Reputation management is a moving target and often out of your control, especially if someone publishes something about you that is less than flattering. It becomes more complicated when your digital dirt is true.
Many companies conduct social media background checks and are legally allowed to keep the records for seven years. Here are some of the things that they look for in a background check.
Compromising pictures of you, including inappropriate sexually explicit pictures
Racial slurs or discriminatory posts
Illegal activities, including drugs or excessive alcohol abuse
Posts that badmouth previous employers
Discrepancies in your work history or evidence of mistruths
You need to minimize your digital dirt. To do so, keep activity high with sites that you can control so that they show up on page one of your Google search.
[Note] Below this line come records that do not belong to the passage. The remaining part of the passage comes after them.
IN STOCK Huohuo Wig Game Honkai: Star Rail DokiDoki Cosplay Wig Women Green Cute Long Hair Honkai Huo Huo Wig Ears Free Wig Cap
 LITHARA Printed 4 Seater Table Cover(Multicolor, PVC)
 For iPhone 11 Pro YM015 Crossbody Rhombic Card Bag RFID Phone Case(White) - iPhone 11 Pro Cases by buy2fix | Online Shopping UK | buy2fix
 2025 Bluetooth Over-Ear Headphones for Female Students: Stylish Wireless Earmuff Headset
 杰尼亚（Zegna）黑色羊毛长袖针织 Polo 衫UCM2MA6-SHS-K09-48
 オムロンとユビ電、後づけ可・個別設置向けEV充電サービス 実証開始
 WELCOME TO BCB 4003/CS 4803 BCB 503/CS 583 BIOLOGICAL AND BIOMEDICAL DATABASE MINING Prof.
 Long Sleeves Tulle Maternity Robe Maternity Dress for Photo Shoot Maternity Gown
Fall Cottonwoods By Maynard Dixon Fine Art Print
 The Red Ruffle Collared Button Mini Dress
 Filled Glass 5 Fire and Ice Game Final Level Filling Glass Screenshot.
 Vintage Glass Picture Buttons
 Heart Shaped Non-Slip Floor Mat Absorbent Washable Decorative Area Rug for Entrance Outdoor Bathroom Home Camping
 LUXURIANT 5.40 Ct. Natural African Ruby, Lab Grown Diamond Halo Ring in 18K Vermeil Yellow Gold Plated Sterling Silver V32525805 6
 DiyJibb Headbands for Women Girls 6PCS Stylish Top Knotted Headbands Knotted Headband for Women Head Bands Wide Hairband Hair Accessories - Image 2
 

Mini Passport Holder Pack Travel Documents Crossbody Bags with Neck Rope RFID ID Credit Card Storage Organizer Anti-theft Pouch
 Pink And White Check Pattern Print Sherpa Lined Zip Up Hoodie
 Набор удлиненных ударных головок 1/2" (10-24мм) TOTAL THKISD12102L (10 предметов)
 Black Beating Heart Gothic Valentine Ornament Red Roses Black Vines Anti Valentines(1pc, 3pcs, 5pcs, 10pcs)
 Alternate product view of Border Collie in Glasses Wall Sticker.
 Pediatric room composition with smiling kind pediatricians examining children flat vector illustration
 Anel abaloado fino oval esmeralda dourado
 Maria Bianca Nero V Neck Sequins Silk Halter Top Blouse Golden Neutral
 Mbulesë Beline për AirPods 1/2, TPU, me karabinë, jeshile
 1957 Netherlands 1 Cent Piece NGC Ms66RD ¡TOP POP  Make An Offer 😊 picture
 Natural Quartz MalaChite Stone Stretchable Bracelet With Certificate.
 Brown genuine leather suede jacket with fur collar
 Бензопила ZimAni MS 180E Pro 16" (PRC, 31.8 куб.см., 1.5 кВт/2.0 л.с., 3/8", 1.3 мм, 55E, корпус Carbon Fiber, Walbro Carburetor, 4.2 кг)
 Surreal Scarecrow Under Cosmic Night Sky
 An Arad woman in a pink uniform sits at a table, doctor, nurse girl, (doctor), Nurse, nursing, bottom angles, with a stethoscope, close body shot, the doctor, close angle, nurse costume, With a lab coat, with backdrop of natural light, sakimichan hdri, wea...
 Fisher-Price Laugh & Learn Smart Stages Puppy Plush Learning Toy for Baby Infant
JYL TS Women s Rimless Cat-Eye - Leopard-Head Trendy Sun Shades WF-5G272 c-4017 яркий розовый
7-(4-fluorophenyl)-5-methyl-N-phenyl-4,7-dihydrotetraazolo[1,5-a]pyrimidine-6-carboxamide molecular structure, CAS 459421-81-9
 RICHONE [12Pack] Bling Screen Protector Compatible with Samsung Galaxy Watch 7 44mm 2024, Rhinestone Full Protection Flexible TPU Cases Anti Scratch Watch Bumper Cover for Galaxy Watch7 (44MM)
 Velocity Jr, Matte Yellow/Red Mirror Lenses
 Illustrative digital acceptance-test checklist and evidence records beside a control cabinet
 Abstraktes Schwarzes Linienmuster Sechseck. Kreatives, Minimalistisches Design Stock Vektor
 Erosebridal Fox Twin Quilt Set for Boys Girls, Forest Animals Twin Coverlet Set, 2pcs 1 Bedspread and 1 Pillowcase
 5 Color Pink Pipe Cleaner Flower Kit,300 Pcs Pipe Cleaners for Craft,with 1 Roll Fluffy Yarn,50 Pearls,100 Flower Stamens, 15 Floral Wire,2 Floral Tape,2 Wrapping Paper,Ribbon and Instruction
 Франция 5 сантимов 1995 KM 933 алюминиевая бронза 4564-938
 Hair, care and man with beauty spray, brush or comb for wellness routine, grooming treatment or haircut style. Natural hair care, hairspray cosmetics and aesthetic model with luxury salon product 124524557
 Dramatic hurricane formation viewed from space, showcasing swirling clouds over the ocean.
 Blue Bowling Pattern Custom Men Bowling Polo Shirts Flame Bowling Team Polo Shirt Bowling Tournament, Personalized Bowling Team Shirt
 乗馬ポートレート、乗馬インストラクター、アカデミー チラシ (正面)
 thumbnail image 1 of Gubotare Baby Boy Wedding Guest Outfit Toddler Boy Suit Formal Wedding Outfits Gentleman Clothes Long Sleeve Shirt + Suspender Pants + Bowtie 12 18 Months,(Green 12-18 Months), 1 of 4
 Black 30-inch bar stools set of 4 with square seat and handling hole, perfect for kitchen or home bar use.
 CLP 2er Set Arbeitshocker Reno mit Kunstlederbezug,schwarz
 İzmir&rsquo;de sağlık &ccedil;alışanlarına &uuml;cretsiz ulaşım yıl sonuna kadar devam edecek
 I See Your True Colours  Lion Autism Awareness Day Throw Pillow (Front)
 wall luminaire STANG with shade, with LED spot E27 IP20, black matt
The more active you are online, the more it raises your search results.
People often don’t look beyond two or three pages of search results, so by taking the offensive and getting a lot of content on the Internet, a search of your name will show your positive sites first.
Some of the sites that often show up on page one are these:
A blog or website with your domain name
Your Google profile
Your LinkedIn profile
Your Facebook profile
Your Vizibility.com QR code profile
Comments you’ve made on popular blog sites
Be cautious about what you post online. On social networking sites, establish your privacy settings to avoid letting everyone see everything about you. Limit the amount of personal information posted about you online. Delete any unwanted or inappropriate comments that someone makes on one of your personal sites.
Remove your name on photos where you have been tagged and may not want to be identified. (This is especially true of pictures taken at parties where you may have had one too many drinks — or even appear that you did.)
Engage a few Internet tracking tools to follow what is showing up about you online. Continually check all your sites, and periodically do a Google search on yourself to see what shows up. Create a Google Alert that communicates when you’re being searched or when new content is added about you.
Addictomatic is a site that allows you to view online references about yourself across multiple platforms at the same time. These are just two examples of sites to help you stay on top of your online reputation.